Congrats, Tom! I consider the pandemic officially over now that this series is done. You've been entertaining me with this for three years. Thanks for the fun.
the "its been sitting here for a couple days" followed by the "what could i do" as i look at the most breakingbad looking lab setup proves that Tom is just anti-Nile. They both do the same level of crazy shit, but one of them gets a 99.9995% extraction rate, while the other gets a 10.9995% extraction rate ... but its still cool. The amount you get is just to flex, doing it in the first place is what people watch for.

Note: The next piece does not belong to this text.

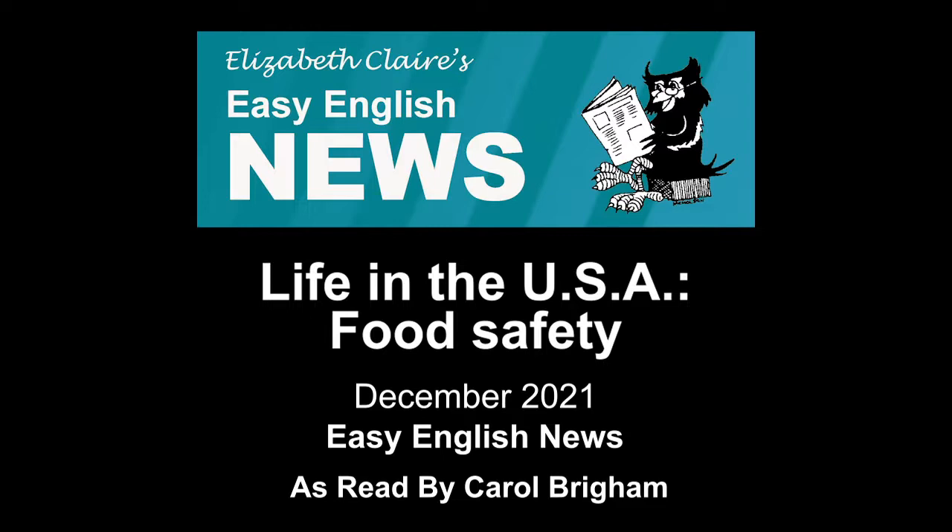The danger zone: bacteria on food grows fastest between 40 degrees Fahrenheit and 140 degrees Fahrenheit (4 degrees Celsius and 60 degrees Celsius). Keep food below or above this danger zone. The FDA advises people to follow the two-hour rule. Throw away meat and other perishable food that has been at room temperature for longer than two hours. In very hot weather, 90 degrees Fahrenheit, throw away perishable food after one hour.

In Canada you can buy methanol pretty easily as its sold under the name "methyl hydrate" It's sold in similar tins to what you would buy kerosene in. However a number of other chemicals that you use that are just available at your hardware store are just not available in Canada right now. So country to country hardware store chemistry vastly changes
The journey! Like a train ride from Moscow to Minsk. Long and unforgettable! As I watch more of your videos, I am picking up "lab craft" from you. I do simple distillations for essential oils (absolutely not a chemist) and I pick up little tricks you do with funnels (like laying them inside a beaker and filtering stuff). So if you are ever lost for a topic, perhaps a best of good lab craft, and worst of too....for us novices! Or do nothing. That's typically what I do when people tell me stuff. Thanks for the vids!